О чем я говорил? О том, как мы с Настей на байдарке вышли на лагерь лесорубов. Все как было, без героизма, без пафоса: выходило, что там я струсил, не встал на пути «безззакония и произвола», спрятался за «обезьянью притчу» вместо того, чтобы сверкнуть корочками, наставить ружье. Я говорил; мне было мучительно стыдно за себя того, но я как будто дорвался, и, как заядлый мазохист, продолжал нанизывать детали, реплики, терзавшие меня подобно иголочкам китайского терапевта. Говорил и понимал, что давно искал случая высказать то, что мучило меня все эти годы, пригибало к столу каждый раз, когда я ставил свою подпись на липовом акте и привычным жестом смахивал в стол плоский неприметный конверт без адреса и марки. Об этой части своей деятельности я говорить не хотел, но не сдержался, вынесло само собой. Вынесло и то, как мы с Настей ровно через год, но уже на моторке, пришли на то же место и увидели на месте леса покатые, покрытые пнями, холмы. Они начинались от берега и тянулись до горизонта, похожие на головы каторжников, по уши затянутых гигантской первобытной трясиной. День был ветреный, серый, низкие тучи неслись как куски разбухшего асфальта, берег уже начал зарастать камышом, и когда мы пробились сквозь него, привязали лодку и поднялись на камни, я увидел вдали полдюжины голых, стоящих кучкой, берез и тушки тетеревов, чернеющих в паутине ветвей подобно запутавшимся мухам или нотным знакам какой-то неведомой, не нашедшей исполнителя, мелодии. Я взял ружье, но пошел не прямо на них, а чуть наискось, туда, где кучковалась еще одна уцелевшая березовая группа. Через какое-то время тетерева должны были сняться со своего места и перелететь на те березы, и я знал, что если в этот момент я окажусь вблизи их «летной тропы», они не свернут, не взлетят выше, и я смогу сделать хороший выстрел.

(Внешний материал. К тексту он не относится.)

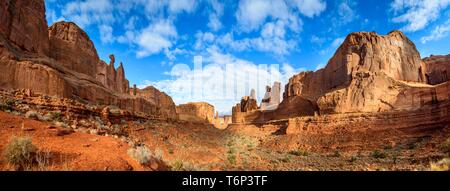 Park Avenue Trail, Rock Formation des Courthouse Towers, Arches National Park, Utah, USA Stockfoto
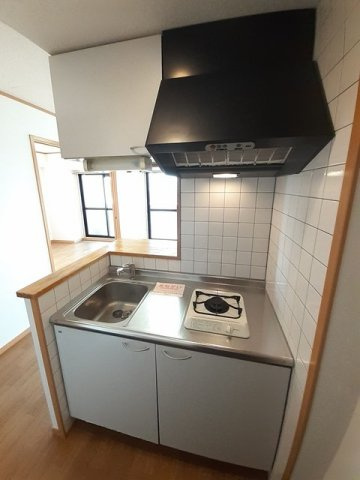 アット長田のキッチン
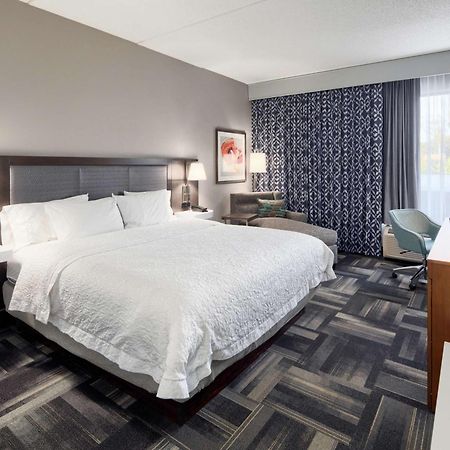 Hampton Inn Louisville Northeast Екстериор снимка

Так и случилось; они снялись и полетели прямо на меня, вначале маленькие как воробышки, сплошь черные, а потом все больше, больше, пока на головках не проступили красные бровки, а хвосты не приобрели графическую четкость и не сделались похожи на маленькие лиры. Я выстрелил с небольшим опережением; дробь ударила в первого тетерева, от птицы брызнули черные точки, и она, не меняя траектории, пронеслась надо мной и тяжело стукнулась грудью в пень за моей спиной. Остальные полетели дальше, достигли берез и, рассевшись по тонким, стелющимся по ветру, ветвям, сделались неподвижны как чучела в тире.

Я взял убитого тетерева, вернулся и увидел, что Настя плачет. Она сидела на лавочке, сколоченной из стесанных жердей, врытой в землю, перед ней был такой же конструкции стол, и она рыдала, положив руки на жерди и уронив на них голову. Чуть поодаль была вырыта яма, почти доверху наполненная пустыми консервными банками, над ямой высился полутораметровый пень с прибитым рукомойником, а по другую сторону от него торчали из сухого ствола шесть ржавых топоров, под которыми кучкой валялись высохшие, выпавшие из них, топорища. Картину завершал темный череп лося, он крепился на вершине пня большим гвоздем, вбитым в темя между небольшими, пустившими всего по три отростка, рожками. Настя не слышала, как я подошел, и подняла голову лишь тогда, когда я бросил на стол убитую птицу. Она посмотрела на тетерева, на меня; взгляд был странный, как будто заторможенный; так, наверное, глядит на мир человек, пробудившийся от летаргического сна или вышедший из глубокой комы. Все как будто распалось; перед глазами были оболочки вещей, ничего не говорящие об их сущности, не имеющие никакой связи между собой. Так от нескольких повторений иногда напрочь «вылущивается» (укр.) смысл слова.